I have been involved with many residential projects, from purely changing the look and feel of a home to the complete refurbishment. Without exception the project runs smoother and meets timescales with a high standard of finish where both the planning and project management has been performed by a professional. Of course there are no guarantees that there won’t be any problems but they will have the resources to resolve them quickly.
Architects are trained to design buildings that meet your requirements and objectives, not only today but in the future too. They develop creative solutions on how to use space that is aesthetically pleasing, is energy efficient with a long term value that meets your budget. They can help with planning permission and project manage the build. When you are choosing an architect, you need to know if he has carried out similar size projects to your own. Look at his testimonials and most importantly you need to have a rapport so that he understands you and reflects this with the very best design.
Planning consultants are not needed for straight forward extensions, porches and new windows for example. However, they are essential if you want to do something in a protected area, the building is listed, create something very unusual or create something not in keeping with the surrounding buildings. Plans can be locked into a cycle of planning committees and without solid knowledge of the planning laws, a convincing argument supported by appropriate policy and material considerations, you could have delays in starting your project by years. Your planning application is not only going to be passed quicker but you are more likely to have the home of your dreams with minimal compromises.
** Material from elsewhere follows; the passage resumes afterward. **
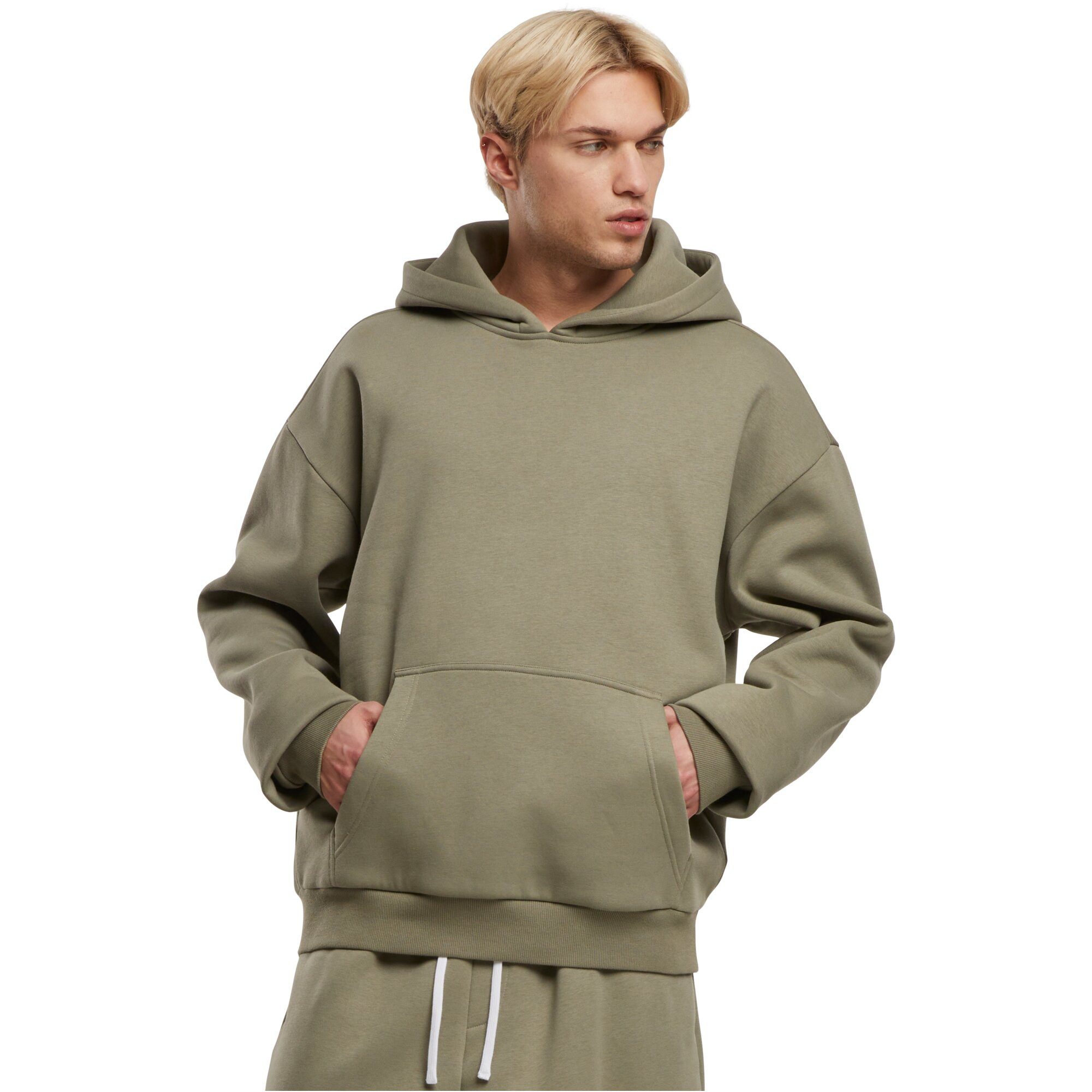 URBAN CLASSICS Kapuzenpullover Urban Classics Fluffy Oversized Hoody (Kapuzenpullover, Hoodie, Hoody, Kapuzenpullover)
There are many different types of surveyors. However, for a private residence the one you may need is a quantity surveyor. They are construction cost and project management experts. They can advise on procurement strategies, prepare tender documents, help negotiate contacts, provide an objective evaluation for the building works, help with insurance claims and assist in contractual disputes.
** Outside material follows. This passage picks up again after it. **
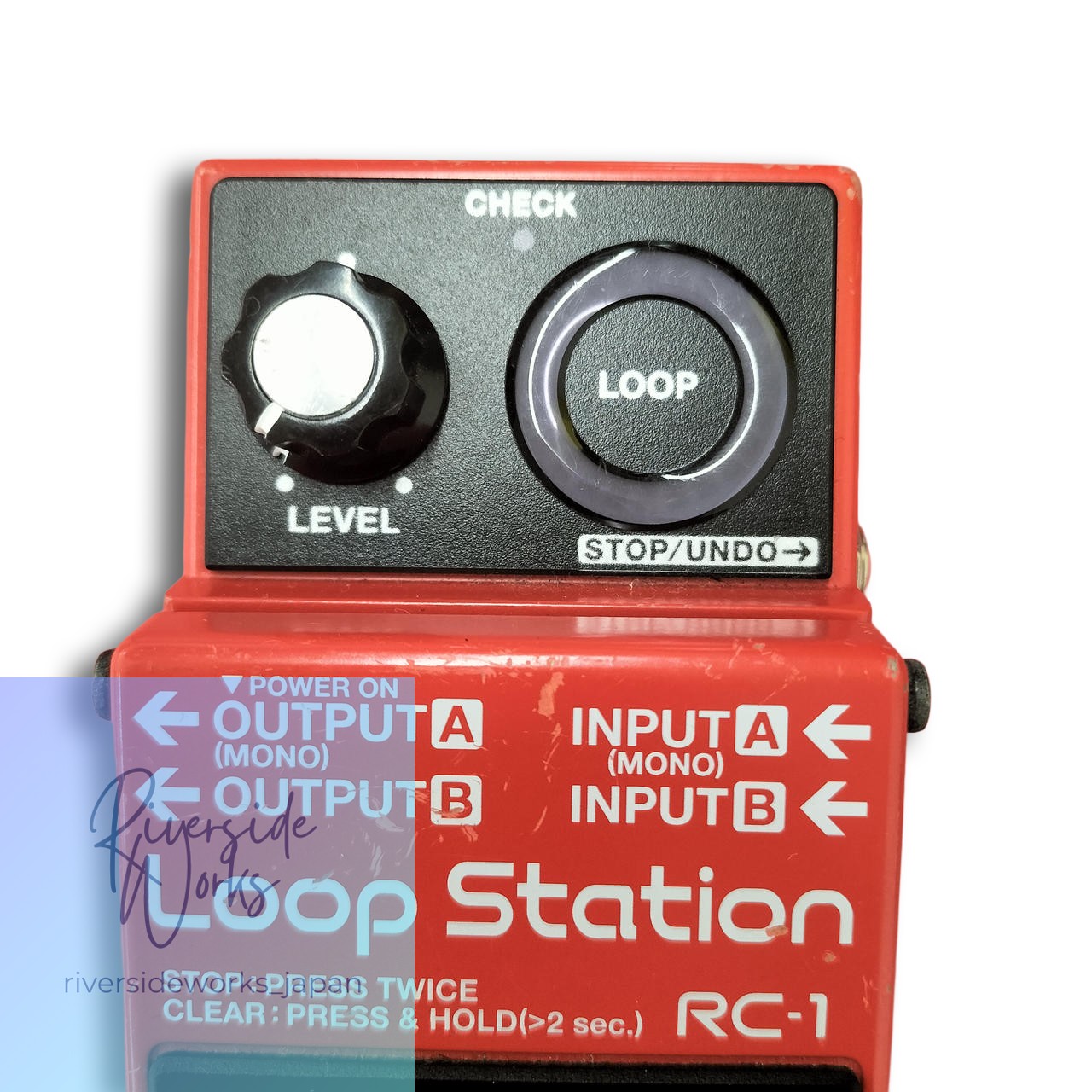BOSS RC-1 Effect Pedal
Structural engineers are concerned with the structural integrity of any building. If the planning officer has any concern with the design at all or part of a building, he may well require you to obtain a full structural report. They understand both the dynamic and static loads of a building and create designs that can support and resist the forces that a building can be subjected too. You may well need a structural engineer surveyor even if, all you are doing is pulling down an internal wall as it may be weight bearing and they will ensure your house doesn’t fall down.
Interior designers give advice on how to layout and present the interior of the home that is both functional and beautiful. They will give advice on all the finishes within a home, including the interior architecture such as fireplaces and internal doors. They will also advise on fabrics, furniture, lighting and flooring. Where there is a lot of building work they will often work closely with the professions above to complete the property refurbishment, with the design and management of all the furnishings, fixtures and fittings.
The different professions overlap to some extent, and when you are deciding who to employ you need to not only understand what they do but also what they don’t do. This way you won’t be expecting decisions on aspects they are not qualified to give an opinion on. Many professionals will give you free initial advice in order to help you find the right support. Unless you are very experienced in refurbishing properties I would always highly recommend that you obtain professional help, it will pay for itself in the long run. If you can’t afford the professional advice then I would respectfully question if you can afford the project.